Top of DATASET RECORDS
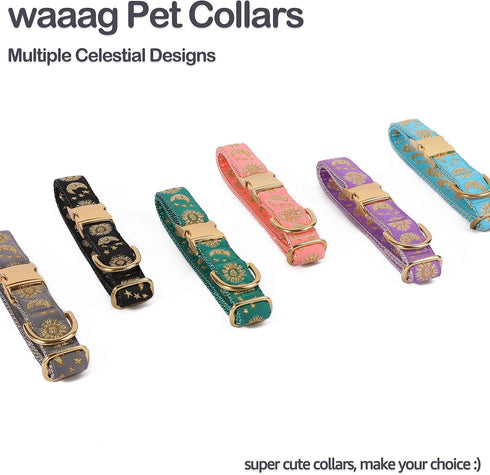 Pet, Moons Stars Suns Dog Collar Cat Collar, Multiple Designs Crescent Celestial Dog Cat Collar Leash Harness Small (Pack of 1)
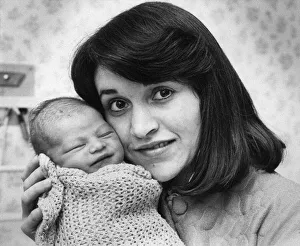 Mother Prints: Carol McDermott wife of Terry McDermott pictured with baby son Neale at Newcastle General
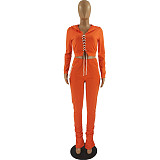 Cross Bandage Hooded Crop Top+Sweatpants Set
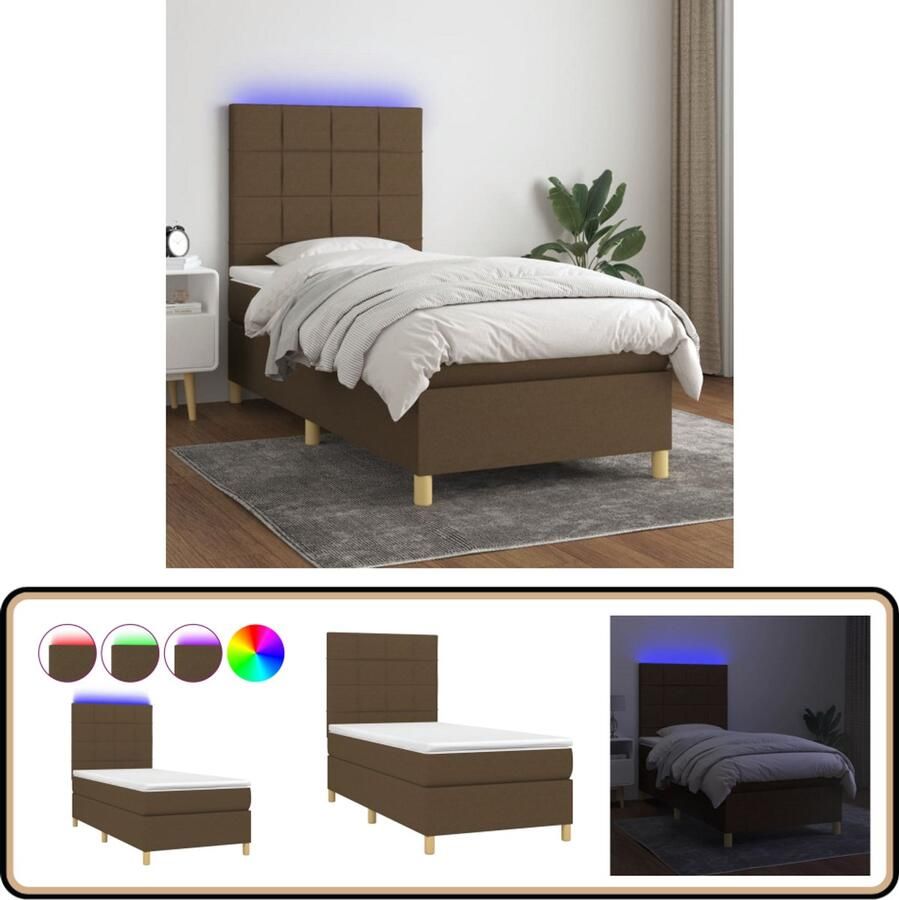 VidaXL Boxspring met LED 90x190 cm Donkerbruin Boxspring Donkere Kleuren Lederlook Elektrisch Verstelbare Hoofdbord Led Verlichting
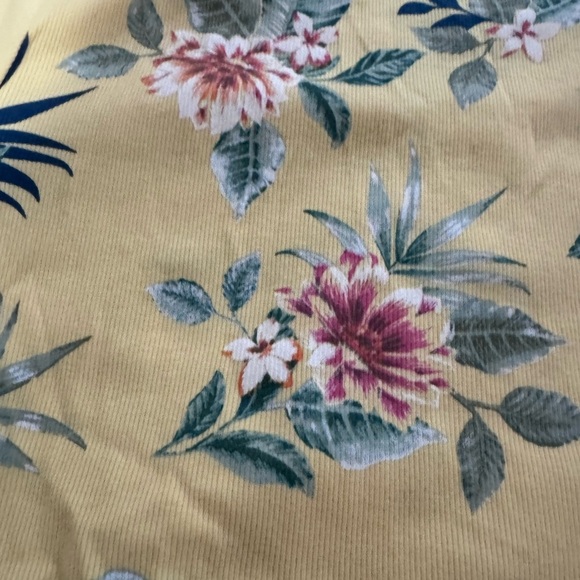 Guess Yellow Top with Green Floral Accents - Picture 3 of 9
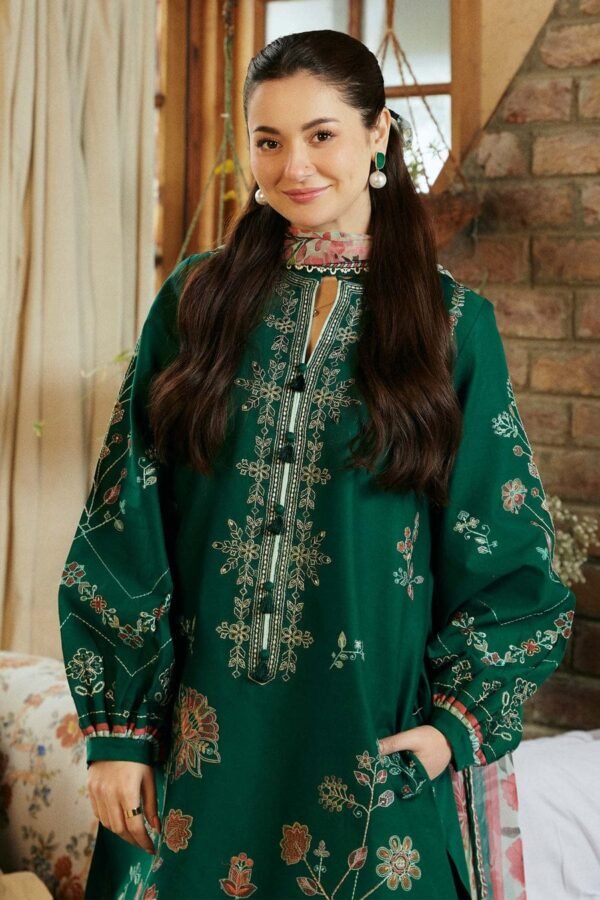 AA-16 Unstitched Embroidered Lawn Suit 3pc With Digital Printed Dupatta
Bottom of DATASET RECORDS
[TRY IT] Produce a verbatim copy of all records, minus pictures.

[WRITTEN SOLUTION]
 Pet, Moons Stars Suns Dog Collar Cat Collar, Multiple Designs Crescent Celestial Dog Cat Collar Leash Harness Small (Pack of 1)
 Mother Prints: Carol McDermott wife of Terry McDermott pictured with baby son Neale at Newcastle General
 Cross Bandage Hooded Crop Top+Sweatpants Set
 VidaXL Boxspring met LED 90x190 cm Donkerbruin Boxspring Donkere Kleuren Lederlook Elektrisch Verstelbare Hoofdbord Led Verlichting
 Guess Yellow Top with Green Floral Accents - Picture 3 of 9
 AA-16 Unstitched Embroidered Lawn Suit 3pc With Digital Printed Dupatta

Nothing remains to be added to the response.